Seit den Präsidentschaftswahlen 2020 haben Demokraten und Republikaner jeweils 50 Sitze im Senat. Bei einem Patt hat die Vizepräsidentin die entscheidende Stimme: die Demokratin Kamala Harris. Politisch bedeutet das eine knappe Mehrheit für die Demokraten. Von den aktuell 35 neu zu wählenden Sitzen werden aktuell 14 von Demokraten und 21 von Republikanern gehalten. Laut Fachleuten gelten aktuell nur sieben Sitze als umkämpft. Umfrageportale sehen derzeit eine hauchdünne Mehrheit für die Demokraten, zuletzt konnten die Republikaner aber aufholen.

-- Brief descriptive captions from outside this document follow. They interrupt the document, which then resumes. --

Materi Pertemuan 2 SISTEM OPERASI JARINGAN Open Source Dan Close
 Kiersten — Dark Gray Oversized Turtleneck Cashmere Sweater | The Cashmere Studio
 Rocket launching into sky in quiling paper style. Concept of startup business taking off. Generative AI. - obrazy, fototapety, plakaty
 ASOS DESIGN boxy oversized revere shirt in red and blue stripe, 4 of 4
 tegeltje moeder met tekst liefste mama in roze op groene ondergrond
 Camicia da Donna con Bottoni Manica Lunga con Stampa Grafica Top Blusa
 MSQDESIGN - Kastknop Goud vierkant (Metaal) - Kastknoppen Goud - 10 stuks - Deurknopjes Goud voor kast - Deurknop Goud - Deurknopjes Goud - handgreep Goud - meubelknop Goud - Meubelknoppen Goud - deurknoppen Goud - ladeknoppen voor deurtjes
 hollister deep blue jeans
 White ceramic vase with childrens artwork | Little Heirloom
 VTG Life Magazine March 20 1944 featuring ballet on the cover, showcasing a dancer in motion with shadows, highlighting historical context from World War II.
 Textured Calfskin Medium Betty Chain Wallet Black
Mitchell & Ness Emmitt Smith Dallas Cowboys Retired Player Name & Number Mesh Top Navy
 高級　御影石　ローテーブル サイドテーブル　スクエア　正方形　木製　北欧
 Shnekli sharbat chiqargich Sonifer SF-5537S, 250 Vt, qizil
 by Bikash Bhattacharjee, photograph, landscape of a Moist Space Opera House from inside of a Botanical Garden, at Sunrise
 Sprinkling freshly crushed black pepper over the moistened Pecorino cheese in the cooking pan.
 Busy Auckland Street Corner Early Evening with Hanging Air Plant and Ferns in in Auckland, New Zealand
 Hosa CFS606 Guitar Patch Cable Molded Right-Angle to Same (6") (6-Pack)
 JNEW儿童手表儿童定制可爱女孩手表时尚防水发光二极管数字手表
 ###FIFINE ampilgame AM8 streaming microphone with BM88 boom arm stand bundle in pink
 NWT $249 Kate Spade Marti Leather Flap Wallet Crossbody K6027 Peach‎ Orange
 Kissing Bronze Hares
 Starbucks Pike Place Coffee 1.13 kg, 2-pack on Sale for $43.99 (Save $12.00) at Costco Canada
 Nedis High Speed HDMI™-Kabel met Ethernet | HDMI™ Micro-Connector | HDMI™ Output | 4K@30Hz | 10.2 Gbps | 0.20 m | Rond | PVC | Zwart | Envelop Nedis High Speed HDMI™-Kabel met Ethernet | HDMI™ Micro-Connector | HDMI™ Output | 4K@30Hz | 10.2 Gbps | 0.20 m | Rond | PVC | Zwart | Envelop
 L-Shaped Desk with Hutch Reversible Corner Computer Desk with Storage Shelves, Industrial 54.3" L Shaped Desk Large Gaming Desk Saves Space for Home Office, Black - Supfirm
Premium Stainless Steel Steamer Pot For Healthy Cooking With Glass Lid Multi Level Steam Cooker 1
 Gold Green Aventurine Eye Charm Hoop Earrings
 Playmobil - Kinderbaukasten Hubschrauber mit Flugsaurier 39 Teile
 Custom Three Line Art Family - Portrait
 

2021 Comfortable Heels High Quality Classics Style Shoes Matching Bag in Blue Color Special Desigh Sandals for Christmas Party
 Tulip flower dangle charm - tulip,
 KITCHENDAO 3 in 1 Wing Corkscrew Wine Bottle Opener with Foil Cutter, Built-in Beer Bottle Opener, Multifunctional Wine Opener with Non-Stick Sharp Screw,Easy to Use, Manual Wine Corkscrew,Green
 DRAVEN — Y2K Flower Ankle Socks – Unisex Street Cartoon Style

Was sagt die Wahl über die Zufriedenheit mit Joe Biden aus?

Die Midterm-Wahlen sind aufgrund ihres zeitlichen Abstands zur letzten und zur nächsten Wahl auch eine Art Zwischenzeugnis für den amtierenden US-Präsidenten - und mit dem sind die meisten Amerikaner unzufrieden. Während im März 2021 noch 55 Prozent der Wähler für Joe Bidens Politik Zustimmung signalisierten, liegt der Wert heute bei 42 Prozent. Gründe dafür sind beispielsweise die hohe Inflation, der übereilte Rückzug der US-Truppen aus Afghanistan oder der Umgang mit der Corona-Pandemie.

Auffallend ist, dass sich Biden, entgegen der Tradition, bislang im Wahlkampf zurückhält. Bis auf vereinzelte Besuche bleibt er in Washington, sein Vorgänger Barack Obama begibt sich hingegen auf eine regelrechte Wahlkampftournee. Viele Kommentatoren werten diese Zurückhaltung als Beleg dafür, dass Joe Biden mit einem allzu forschen Auftritt die Chancen der Demokraten noch mehr dezimieren könnte.